1/10
Planet Red, Viewers Pale.
27 September 2010
Warning: Spoilers
No sense carrying on about this movie.

One of the Hollywood moguls once said that if you want to send a message, call Western Union. The producers, director, and writers didn't take the advice because they've put together a movie that is an insult to the intelligence and taste not only of all human beings but all primates, all the way down to lemurs and tarsiers and marmosets. Maybe lower still. A platypus might bristle.

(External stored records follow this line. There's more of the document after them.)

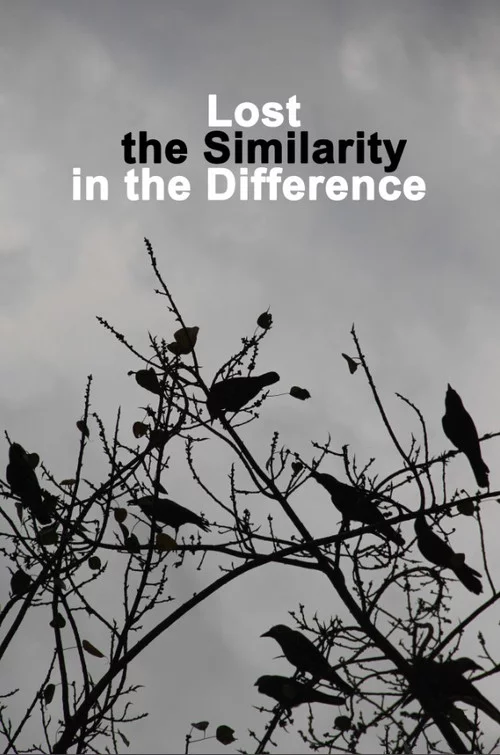 Lost the Similarity in the Difference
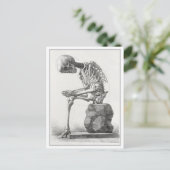 Zittend skelet anatomie illustratie briefkaart (Staand voorkant)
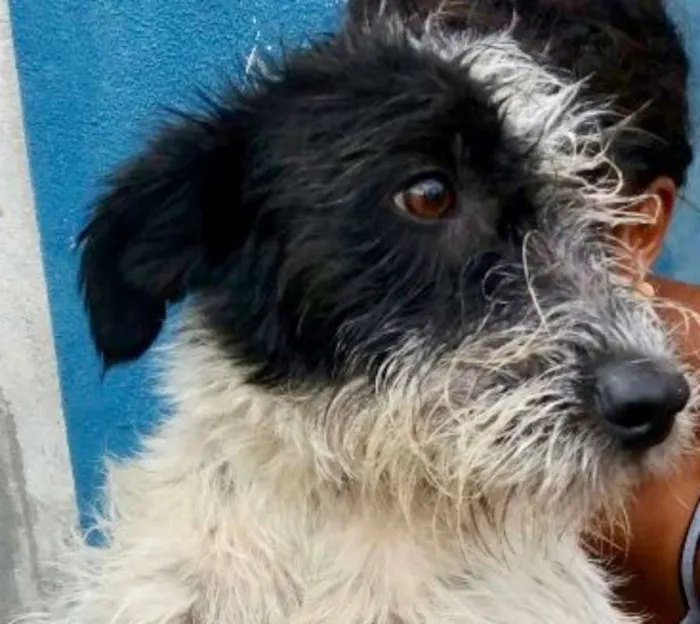 Cachorro ra a  idade 2 a 6 meses nome Otto Filhote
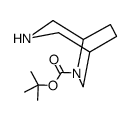 3,6-二氮杂二环[3.2.2]壬烷-6-羧酸叔丁酯结构式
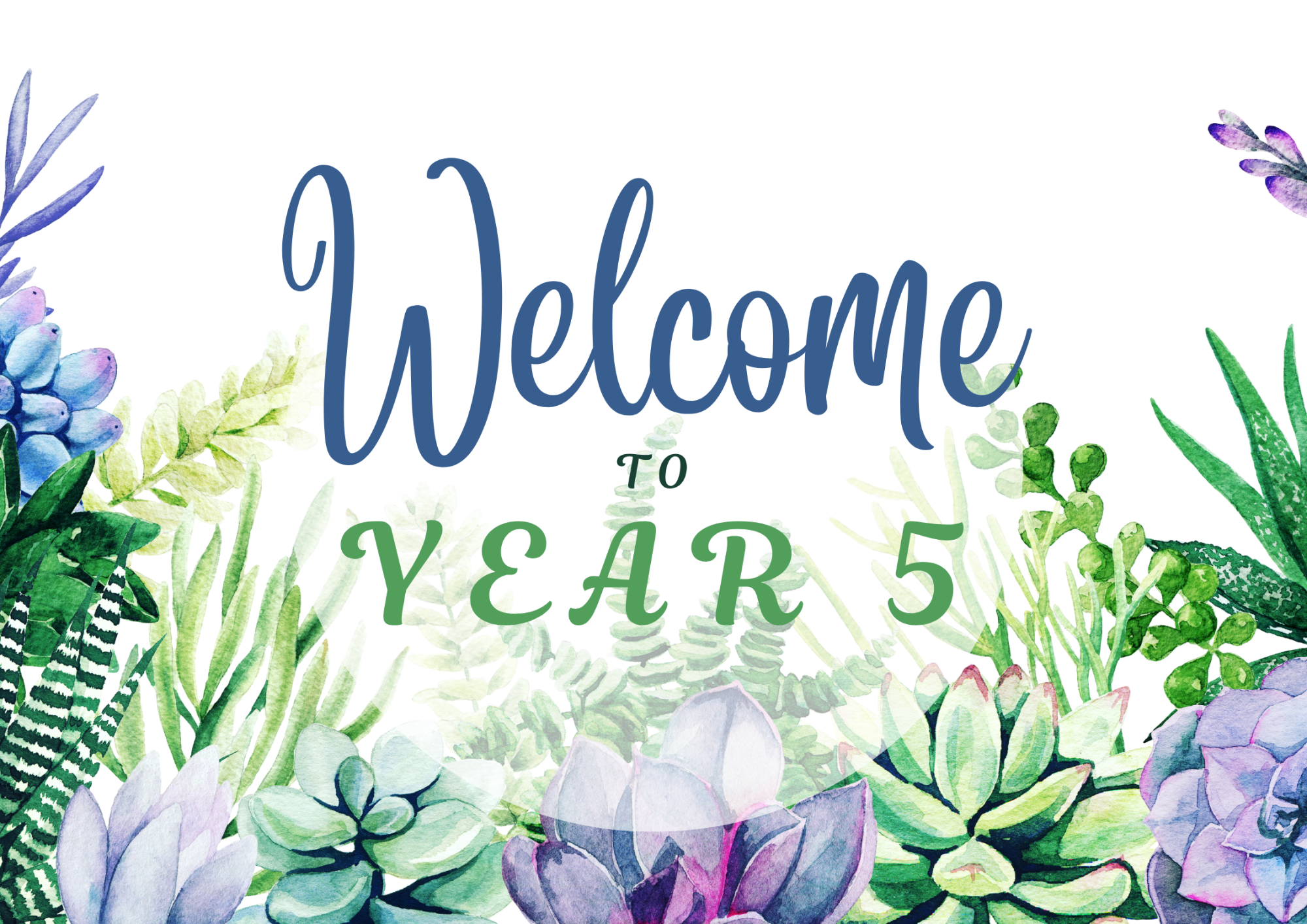 Banner with the text “Welcome to Year 5” in blue and green, surrounded by watercolor-style green leaves and purple succulents.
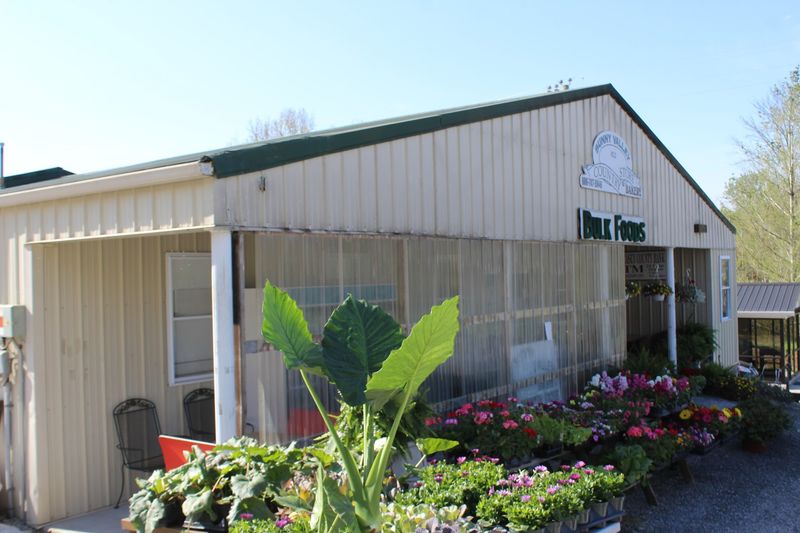 Turn Onto S Fork Creek Road And Feel The Amish Country Rhythm Kick In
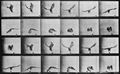 Muybridge, Eadweard: Nahe der Erde fliegender Adler (0.19 Sekunden)
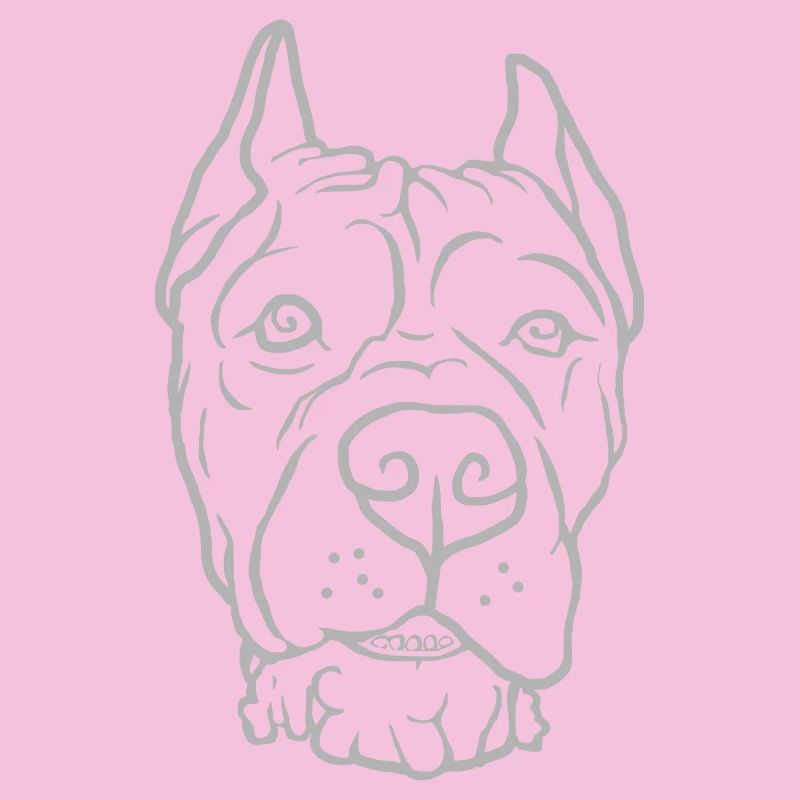 Cane Corso Kopf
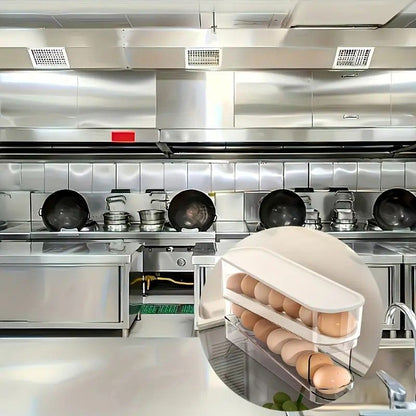 Automatic Sliding Egg Holder 12-14 Eggs Flip Lid Fridge Storage Container V1232-ZDSNH001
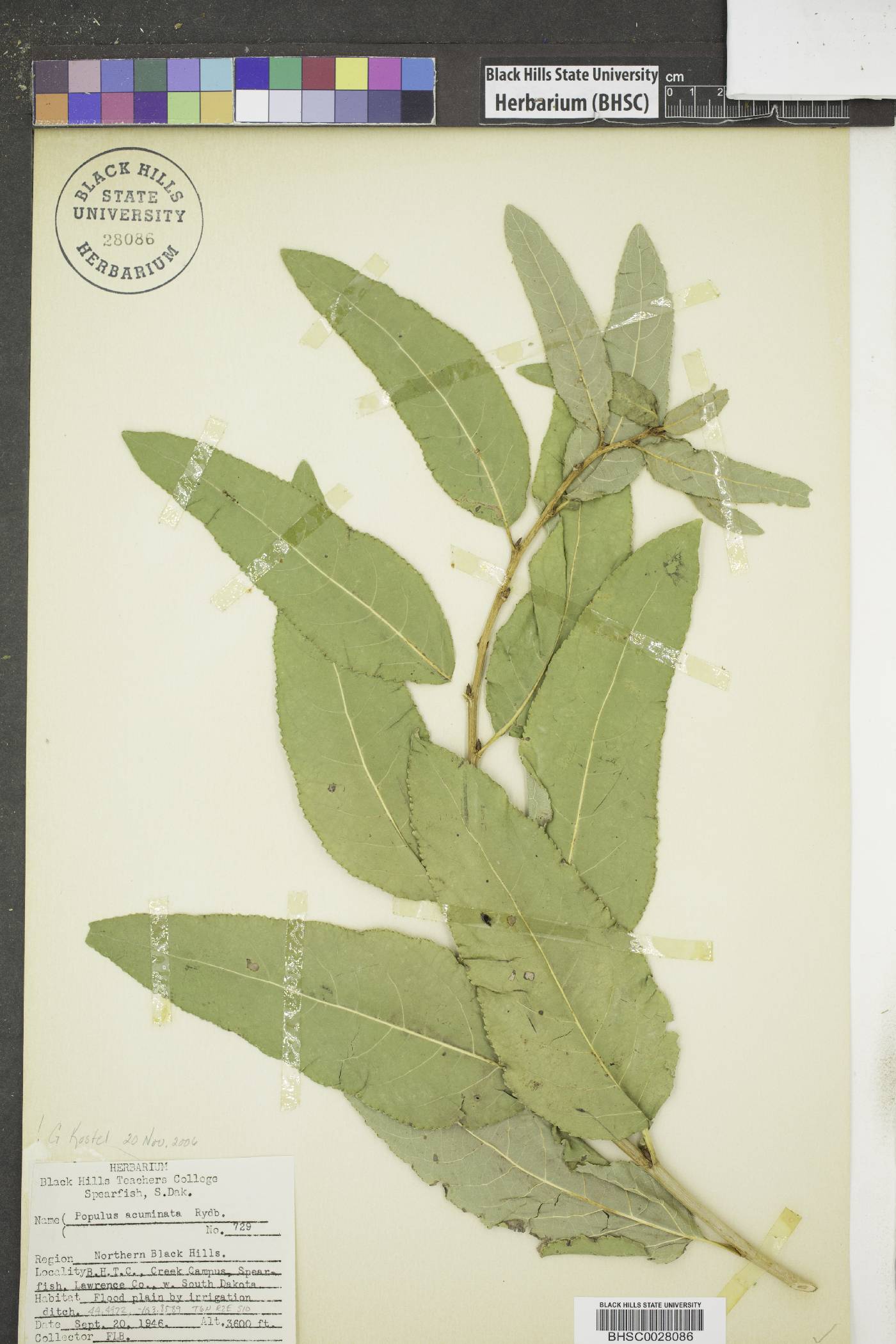 Populus x acuminata image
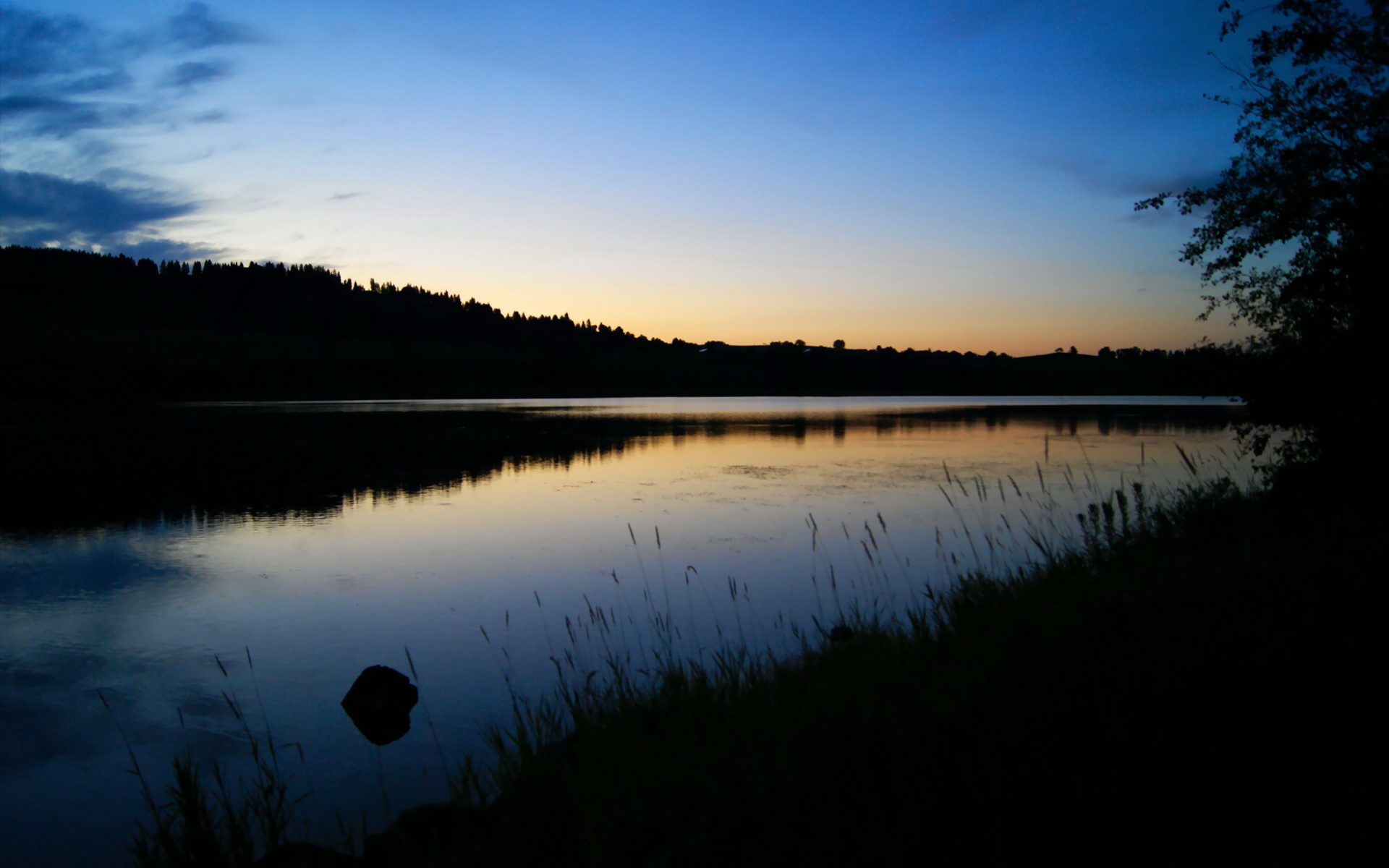 辽宁飞豹加强投篮训练提高命中稳定性,辽宁飞豹篮球俱乐部球员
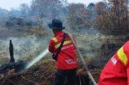 Kalsel Nihil Hotspot, Karhutla Kini Dipantau Ketat di Kalbar (Foto: Kemenhut/medcom)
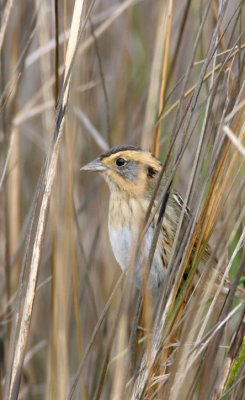 Nelson's Sparrow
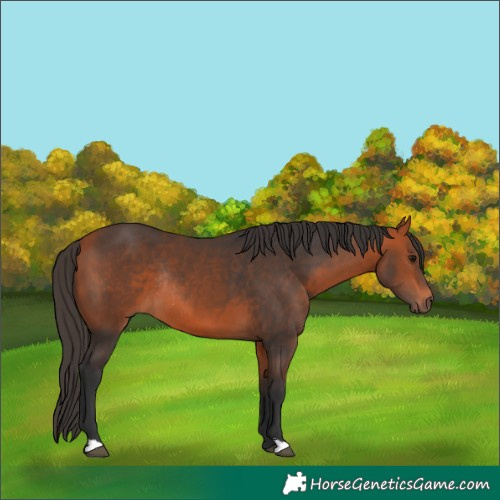 Horse Color:Bay Rabicano 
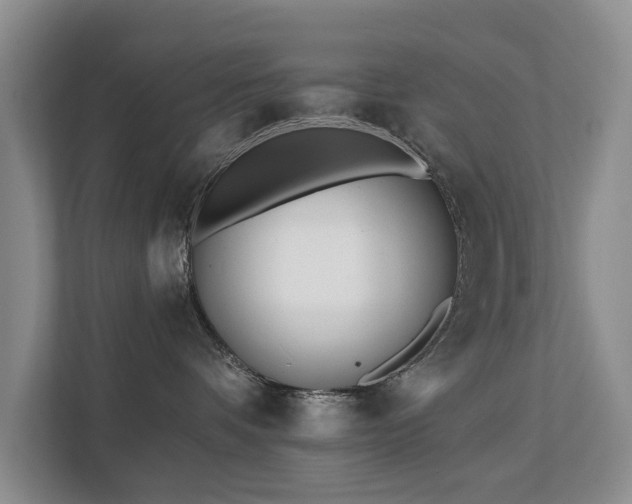 X0000111380336200907101131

Peter Graves, tall, robust, handsome, is an American electronic specialist who manages to contact Mars by radio and begins to get messages in return. The Martians, it seems, have no need for oil or any source of energy other than cosmic. (The energy industries implode all over the world.) The average life span on Mars is 300 years. (Doctors jump out of windows.) They can feed a million people from food grown on one acre of ground. (Commodities fall through the floor.) But then, with the global economy in collapse, the messages begin to get spiritual, so to speak. The Martians begin babbling about their Supreme Leader and his sayings, which, it develops, are from the sermon on the mount.

I'll cut this short to spare you some of the pain I experienced while watching goggle-eyed as this execrable piece of trash unrolled on the screen.

The world's population now believes in God and begins going to church. (Cue the bells and the heavenly choirs.) The good folks of Russia rise up to worship on their own, are mowed down by cackling Soviet soldiers, but overthrow their government and establish a theocracy in pursuit of world peace.

There's a twist or two at the end that no power on Earth, or on Mars either, could get me to reveal, so I'll just finish by saying Graves and an arch enemy perish in a hydrogen explosion, for which I was grateful since it meant the end of the movie was at hand.

I often hear that there are some movies that are so bad, they're good. "Plan 9 From Outer Space" is often given as an example. So is John Wayne's "The Conqueror." Such claims prompt me to ask, "Has anyone ever actually sat through any of this junk?" If so, and if they've found it rewarding, they should definitely catch "Red Planet Mars."